About this task: Which lines run from the line with "Wife For The" through the line with "Crazy Dog T-shirts" in the entries below? Print them exactly, both ends included, and nothing more.

(Data supplied)

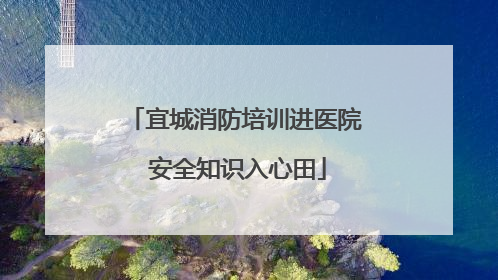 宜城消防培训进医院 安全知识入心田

(End Data supplied)
(Data supplied)

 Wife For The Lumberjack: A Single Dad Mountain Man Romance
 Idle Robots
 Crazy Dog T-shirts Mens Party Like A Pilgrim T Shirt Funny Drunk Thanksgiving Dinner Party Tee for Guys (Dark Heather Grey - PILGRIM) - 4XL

(End Data supplied)
(Data supplied)

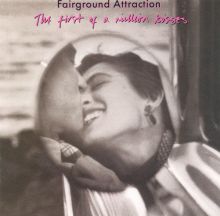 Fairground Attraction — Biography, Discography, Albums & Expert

(End Data supplied)

Exercise response:
 Wife For The Lumberjack: A Single Dad Mountain Man Romance
 Idle Robots
 Crazy Dog T-shirts Mens Party Like A Pilgrim T Shirt Funny Drunk Thanksgiving Dinner Party Tee for Guys (Dark Heather Grey - PILGRIM) - 4XL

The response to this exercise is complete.